246053 Disparities in Healthcare Expenditures Associated with Diabetes: Focus on the Effects of Nativity, Length of Residence in the U.S. and Age

Sunday, October 30, 2011

Sunha Choi, PhD , College of Social Work, The University of Tennessee at Knoxville, Knoxville, TN
Sungkyu Lee, MSW , School of Social Policy and Practice, University of Pennsylvania, Philadelphia, PA
Increasing medical expenses are reported among people with diabetes. To understand whether the financial costs of diabetes are evenly distributed across individuals by their age, foreign-born status, and length of residence in the U.S., this study compares 1) the prevalence of diabetes, and 2) the total healthcare expenditures associated with diabetes between the recent immigrant, the longer-term immigrant, and the U.S.-born groups. In addition, this study examined whether the above mentioned relationships are different by age group (moderator; 18-64 vs. 65+).

The 2003-2007 Medical Expenditure Panel Survey linked to the National Health Interview Survey was analyzed (N=147,545). Bivariate statistics and logistic regression models were conducted by age group to compare the prevalence of diabetes by immigration status (U.S.-born; foreign-born with 0-10 years in the U.S.; foreign-born with 11+ years in the U.S.). The prevalence of diabetes was calculated based on the question asking whether an individual was told by a doctor or other health care professionals he/she had diabetes. Separate OLS regression models by age group were tested for the total medical expenditures (log-transformed) among those with diabetes. The STATA survey procedures were used to account for the complex sampling design.

Study findings supported a healthy immigrant effect in relation to diabetes only among younger adults (ages 18-64). While 2.3% of recent immigrants with less than 10 years in the U.S. suffered from diabetes, 6.8% of longer-term immigrants and 5.8% of U.S.-born individuals did. In the older adult group, recent immigrants had the highest prevalence of diabetes (29.4%) when compared to longer-term immigrants (18.6%) and the U.S.-born (18.5%). However, these bivariate differences disappeared in the older adult group after controlling for SES and demographic factors.

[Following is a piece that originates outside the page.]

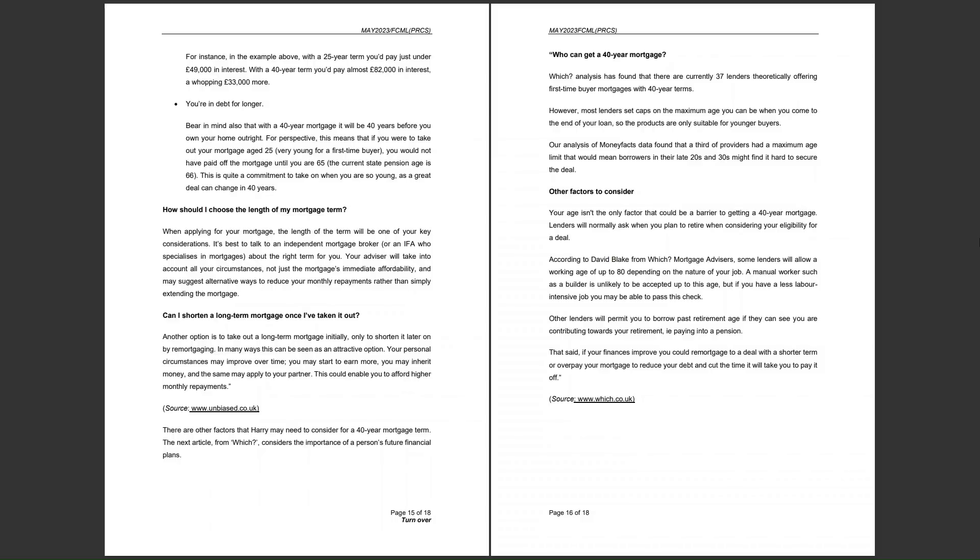With a 40-year mortgage you will be 40 years before you own your home outright. The pension age is currently 66, so this is a significant commitment. A great deal can change in 40 years. However, even if you take out a 40-year mortgage, you can make overpayments, and you are also able to get out of the mortgage by paying an early repayment charge and remortgaging to a different deal — a good option if recommending a course of action for Harry in your essay.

In terms of the total annual healthcare expenditures, results from the bivariate tests indicate that among those who were diagnosed with diabetes, the U.S.-born had higher healthcare expenditures ($9,603) than their recent immigrant counterparts ($3,762) only in the younger age group (p<.001). After controlling for SES/demographic characteristics, health, and health insurance status, however, the differences disappeared.

Treatment of diabetes requires ongoing communication between an individual and a healthcare professional. This study suggests disparities in healthcare for diabetes among recent immigrants in the U.S. ages between 18-64. This supports targeted interventions by age, nativity, and length of residence in the U.S. of an individual.

Learning Areas:
Public health or related research
Social and behavioral sciences

Learning Objectives:
1. To examine the prevalence of diabetes and its associated with healthcare expenditures 2. To explore disparities in healthcare associated with diabetes

Keywords: Health Disparities, Diabetes

Presenting author's disclosure statement:

Qualified on the content I am responsible for because: I have studied this population for the last 10 years.
Any relevant financial relationships? No

I agree to comply with the American Public Health Association Conflict of Interest and Commercial Support Guidelines, and to disclose to the participants any off-label or experimental uses of a commercial product or service discussed in my presentation.